The British people's median forecast of benchmark UK inflation in the coming year remained uncomfortably high at 2.7% in August - way above the Bank of England's 2% target and joint-highest since views were first canvassed in 1999.
Sterling fell to a 14-month low against the euro yesterday on growing hopes of a cut in UK base rates from 5.75%, in contrast to the further rise expected before credit and equity market turmoil began in earnest in August, with the single currency rising to 68.74p.
However, the Bank's inflation expectations survey yesterday signalled it was likely to be extremely wary of cutting interest rates soon, in spite of sky-high expectations that the US Federal Reserve will cut benchmark borrowing costs in the world's largest economy from 5.25% next Tuesday.
Members of the Bank of England's Monetary Policy Committee have expressed concern about higher inflation expectations.
Howard Archer, chief UK economist at consultancy Global Insight, said: "The Bank will be disappointed to see that inflation expectations have not retreated at all over the past quarter, despite (annual) consumer price inflation falling back from 3.1% in March to 1.9% in June."
Archer added: "Given the ongoing credit crunch and the likelihood that UK growth will slow over the coming months, we expect the eventual next move in interest rates to be down. Nevertheless, ongoing elevated inflation expectations highlight the fact that there are still significant medium-term inflation risks, and reinforce our belief that the Bank will be wary about any early trimming of interest rates."
Ernst & Young's ITEM Club claimed yesterday that "a worst-case scenario of a full-blown credit crunch" could cut UK gross domestic product growth by one percentage point in 2008 and 2009. The impact would be lighter in the eurozone but the hit in the US could be 1.5 percentage points.
Equity markets were in fine fettle yesterday.
The FTSE-100 index of leading shares finished 57.7 points higher at 6363.9, helped by more reassuring US weekly employment data in the wake of last Friday's shock news that American non-farm payrolls had fallen for the first time in four years in August. Oil companies' shares benefited as US light crude hit a fresh nominal record of $80.20 a barrel.
In New York, the Dow Jones Industrial Average last night finished133.23 points higher at 13,424.88.
The UK stock market could be spooked today by reports last night that the Bank of England had granted Northern Rock emergency funding at a penalty rate in its role as lender of last resort.
The Bank had earlier yesterday taken less dramatic but nevertheless highly-significant action to boost short-term liquidity and bring down the overnight interest rates at which commercial banks can borrow from each other. It made an additional £4.4bn of reserves available in open-market operations - the maximum extra amount it had indicated would be available last week.

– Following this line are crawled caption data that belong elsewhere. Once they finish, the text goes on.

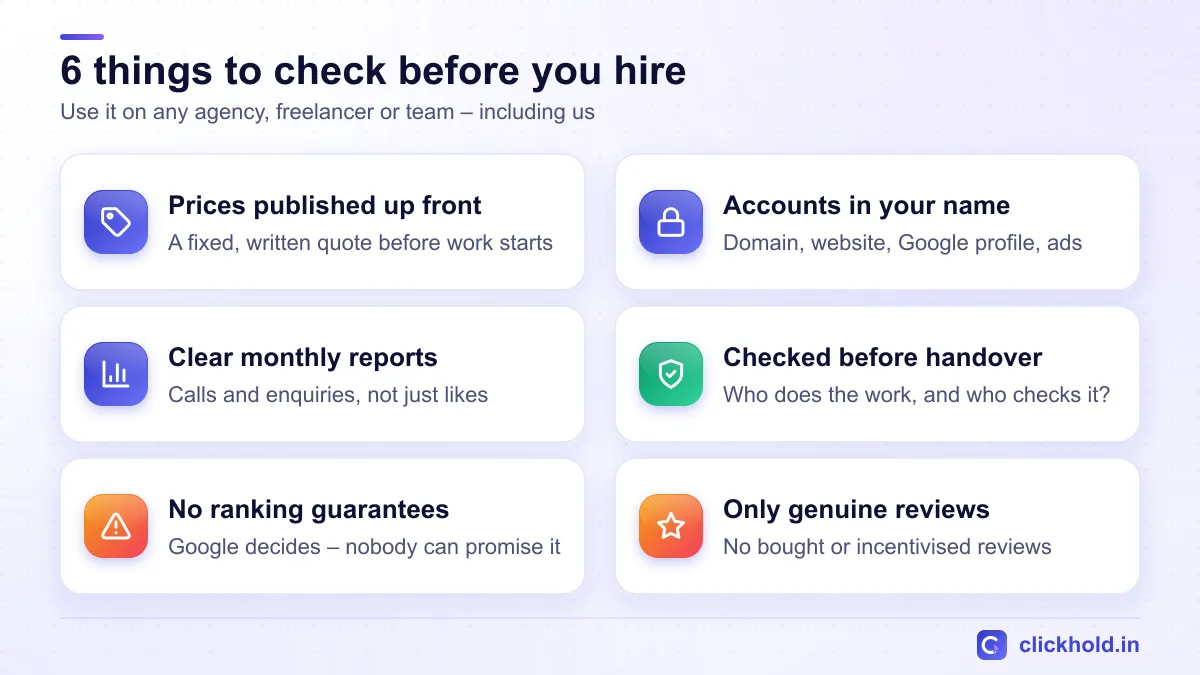 Checklist of six things to check before hiring a digital marketing agency: prices published up front, accounts in your name, clear monthly reports, checked before handover, no ranking guarantees, and only genuine reviews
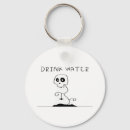 Search for classic key rings Ghost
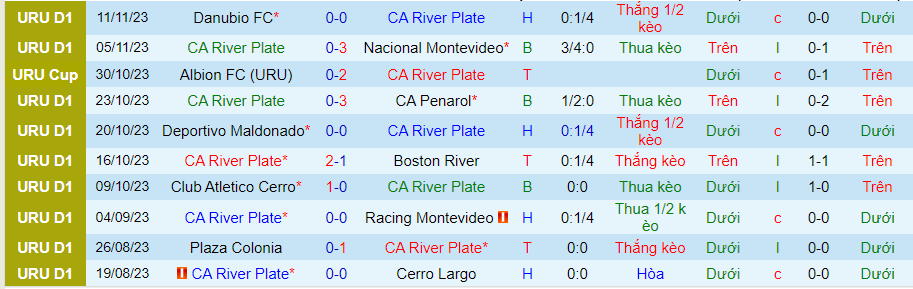 Nhận định CA River Plate vs Centro Atletico Fenix, Vòng 10 VĐQG Uruguay 20h00 ngày 16/11/2023 - Ảnh 2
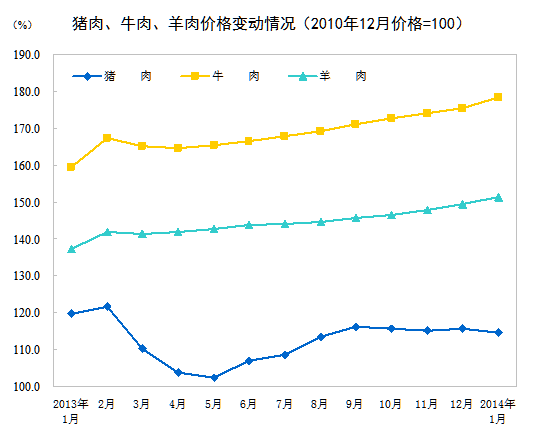 來源：統(tǒng)計局網站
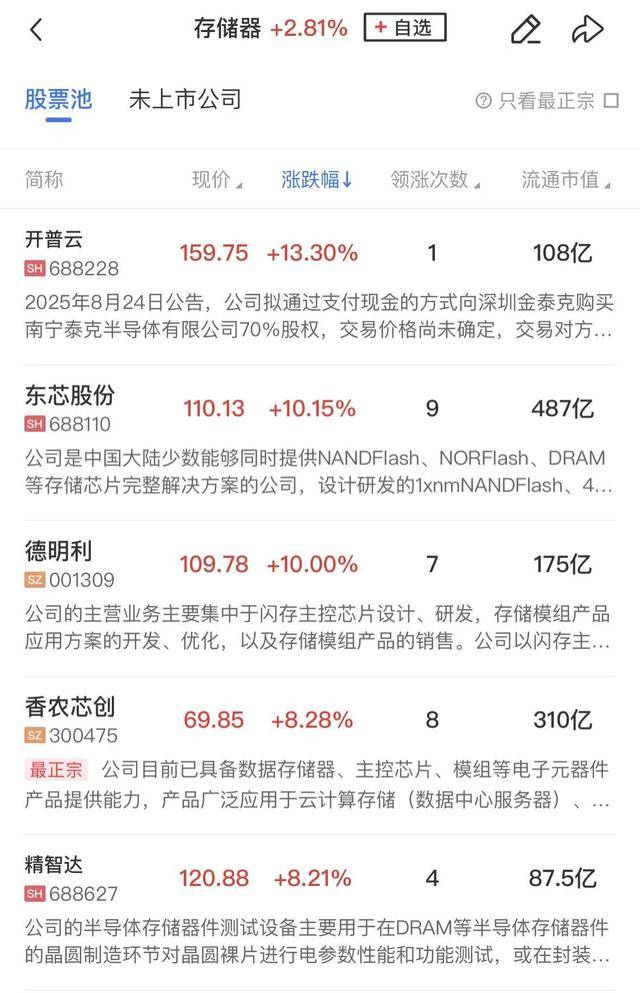 存储芯片概念拉升 江波龙、德明利等续创新高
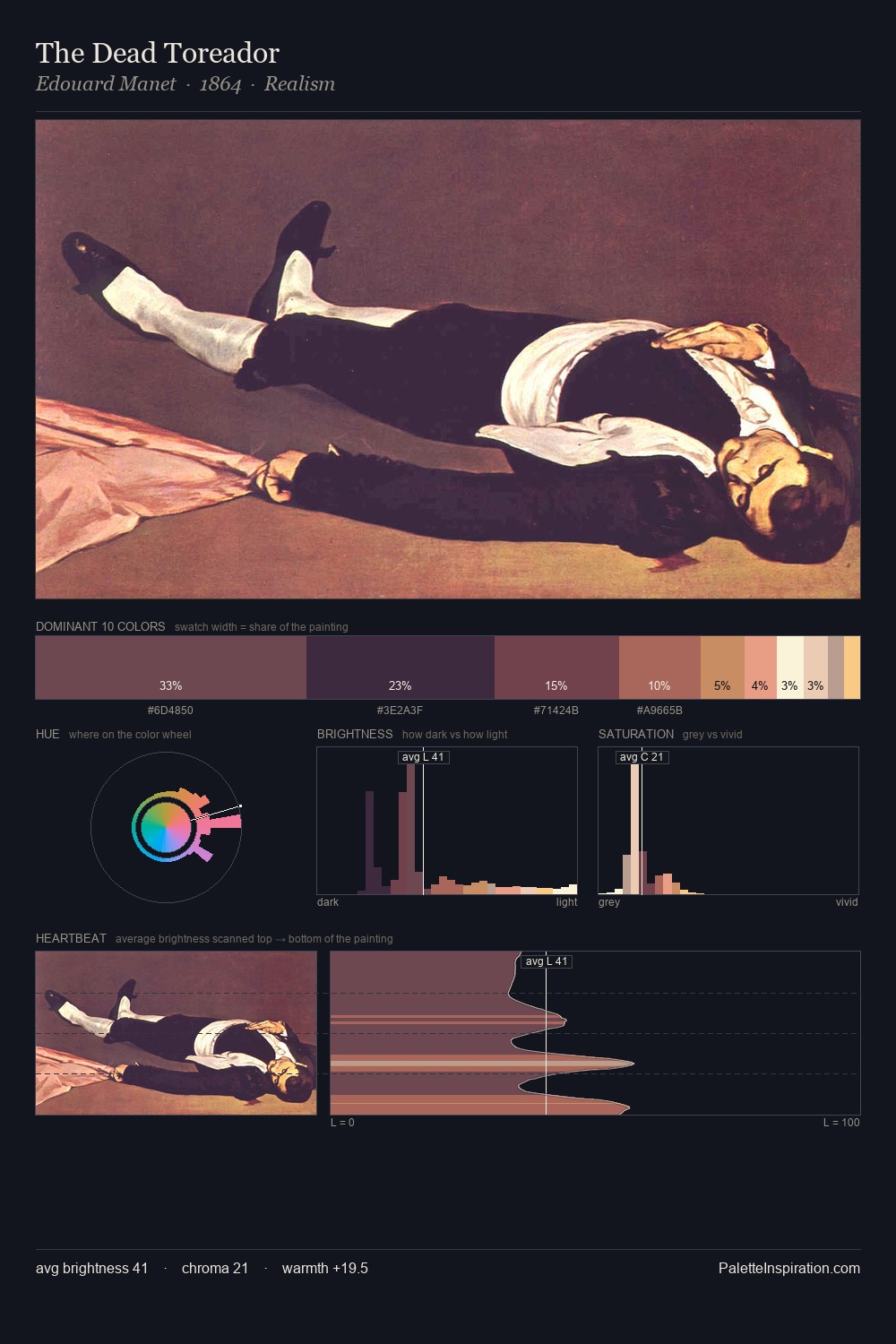 The Dead Toreador palette card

It also eased the pressure by widening the range within which banks' specified reserve targets would be remunerated at base rate to plus or minus 37.5%, a greater band than the normal 1% either way, recognising the difficulty some institutions have in anticipating short-term funding needs.
However, Bank governor Mervyn King emphasised on Wednesday there would be a "moral hazard" in any move to bail out financial institutions which have engaged in "risky or reckless lending" - warning this could "sow the seeds of a future financial crisis". He is sticking with his view that it is not the central bank's job to tackle high three-month interbank rates.
These have arisen because of greater demand for liquid assets in the current situation. Institutions are more fearful of lending to each other on a three-month timescale partly because of worries over who has what exposure to the massive default in the US sub-prime mortgage market.
King has made plain his view on the need to avoid bailing out banks without charging a penalty rate of interest, unless there is the danger that the economic cost of not acting will outweigh the "moral hazard" or measures are needed for financial system stability. The European Central Bank has lowered three-month interbank rates by pumping in liquidity on this timescale.
The British Bankers' Association London Interbank Offered Rate (Libor) for three-month euro lending eased slightly to 4.73188% yesterday from 4.74375% on Wednesday. It is closer to the 4% benchmark for the 13-nation eurozone than BBA Libor for three-month sterling is to the UK base rate of 5.75%. Three-month sterling Libor dipped from 6.9025% on Wednesday to 6.88% yesterday. It hit 6.90375% on Tuesday.
Overnight BBA Libor for sterling has dropped from 6.2475% early last week before the Bank of England announced measures to make additional reserves available, to 5.87375%.
In spite of credit market turmoil, the Swiss National Bank yesterday raised its benchmark interest rate by a quarter-point. This move wrongfooted economists, most of whom expected it to follow the ECB's example last week and pause monetary tightening.
The euro, launched in 1999, hit a high of $1.3927 yesterday.